Cook led me away from the kitchen counter by my wrist. He sat me back down on the couch.

“Sit all the way back,” he ordered.

I slid my ass all the way to the back and slouched into the cushions. Only then did Cook sit beside me. But when he wasn’t in my line of sight, the mess called out to me again. The boxes and the stains on the counter and where their beer bottles left condensation ringlets on the coffee table.

They really should’ve used coasters.

The box was that overflowing with clothes needed to be refolded and then fit into the box correctly, like a puzzle. I needed to complete the puzzle.

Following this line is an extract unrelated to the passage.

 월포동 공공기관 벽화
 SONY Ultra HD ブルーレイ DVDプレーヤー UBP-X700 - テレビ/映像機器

Cook slid his hand across my knee, and the bouncing stopped. For a second, I relaxed, but then I glimpsed the mess in the other bedroom.

Roni and Celt’s room. More clothes were on the floor, and the bed wasn’t made. I needed to fix that.

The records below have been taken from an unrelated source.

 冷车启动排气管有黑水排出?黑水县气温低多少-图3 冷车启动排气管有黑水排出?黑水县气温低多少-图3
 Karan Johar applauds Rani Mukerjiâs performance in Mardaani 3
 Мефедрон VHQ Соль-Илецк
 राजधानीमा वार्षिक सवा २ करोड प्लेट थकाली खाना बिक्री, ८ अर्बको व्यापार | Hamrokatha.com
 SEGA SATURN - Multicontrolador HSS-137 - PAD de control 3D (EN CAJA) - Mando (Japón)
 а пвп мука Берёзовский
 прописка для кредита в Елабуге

Cook wrapped his arm around my shoulders, bringing me close to him. His heartbeat was even, but his hands were clammy, covered in the dew from the beer. His breath reeked of it too. His shirt was wrinkled. I would need to iron it.

He pushed my chin up and his hardened gaze softened, like he could see deep into my soul. When he released me, he said to the others. “Maddie’s tired. Can we still crash in the extra room?”

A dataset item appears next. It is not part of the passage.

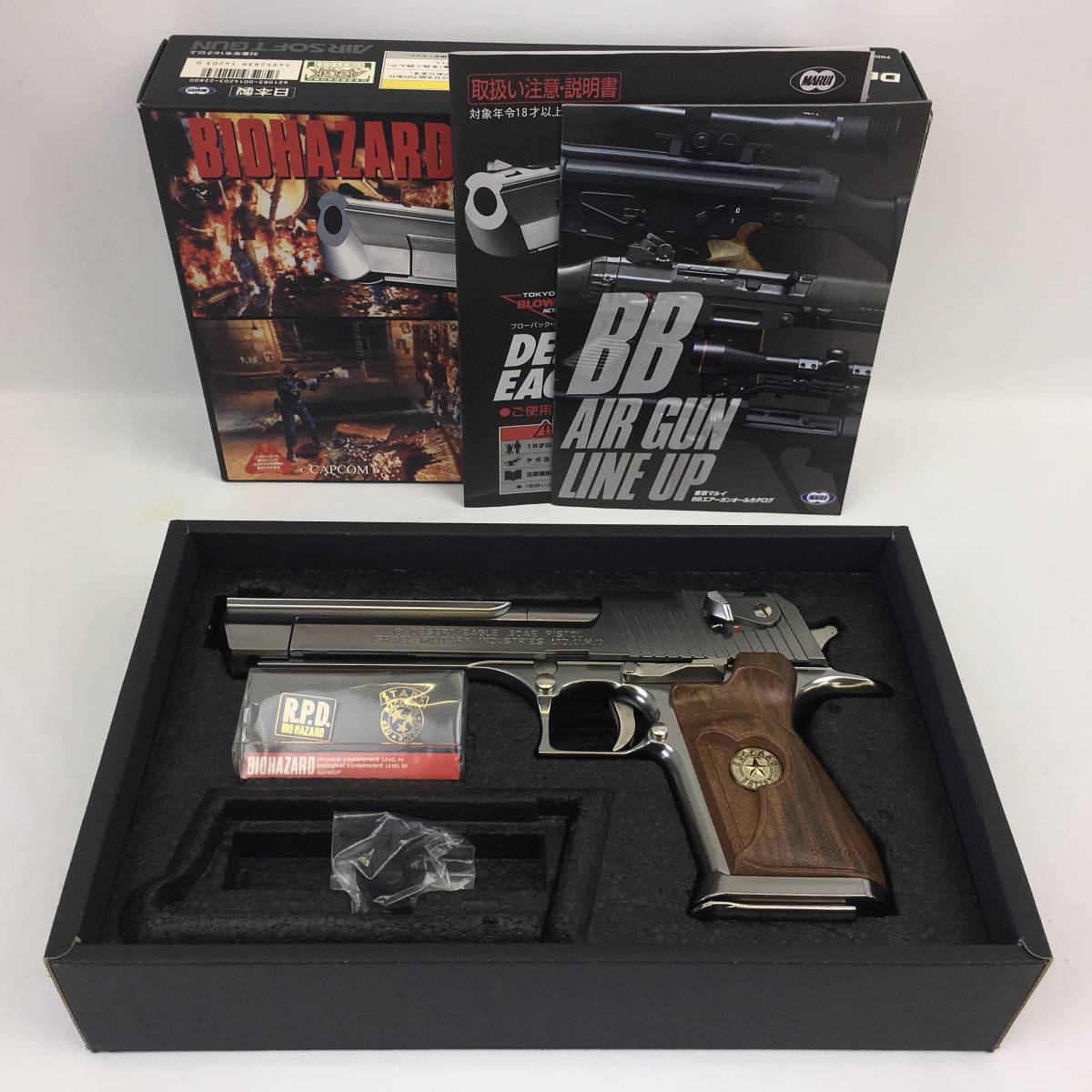 98年限定 バイオハザード2 未使用新品(超レア) Yahoo!オークション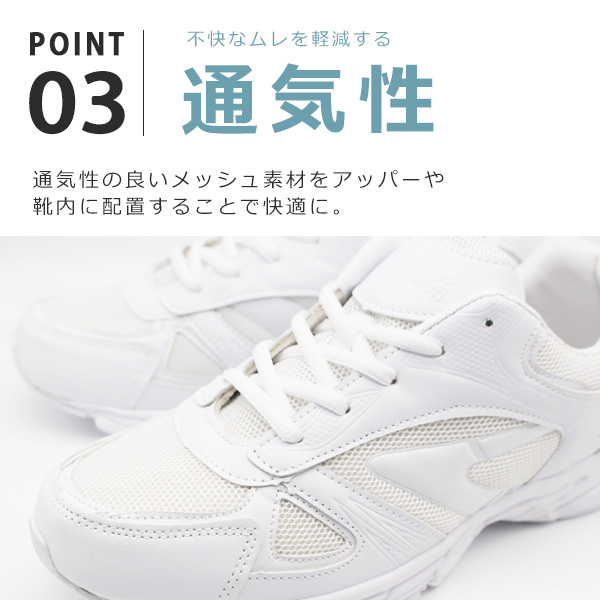 earth スニーカー メンズ レディース キッズ 子供 靴 白 黒 ホワイト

“Yeah,” said Celt, and Roni got to her feet quickly.

“I’ll put some extra clothes and towels in there,” said Roni, walking into the bathroom.

If the towels were folded anything like the shirts in the boxes, I was going to have to refold. Maybe iron them too.

Cook jumped off the couch and brought me to my feet. With his arm still around my shoulders, he led me to the bedroom where I woke earlier. My body still buzzed from our time at Serenity, but a new buzzing was blowing through my system. Cook closed the door behind us and then sat me on the bed.

“You’re trembling, Maddie,” he said. “What’s going on?”

“There’s just a big mess out there.” Then I saw how the sheets and blankets were tucked into the bed in their room. It was a mess. Dangerous. Almost as dangerous as it was running guns across the border and whatever the motorcycle club was getting involved in. Why?

Cook bent in front of me. “That’s not it. Tell me what’s happening.”

I curled my legs to my chest, balancing on the edge of the bed. “Can we go home?”

“It’s the middle of the night,” said Cook.

“I want to go home.” I rocked back and forth on the bed as tears threatened to flow over my eyelids.

“We’re not going home.” Cook’s voice was low and stern.

It struck me in the face, and I forced myself to be still on the bed. We were staying here and Cook and Celt were going to talk about their dangerous business. They would talk about the Mafia. About all the men who came to Signora’s and used me. They were dangerous—why did Cook have to be involved in that?

“Maddie.” He grabbed my chin. “Look into my eyes.”

Forgetting everything but Daddy, I did.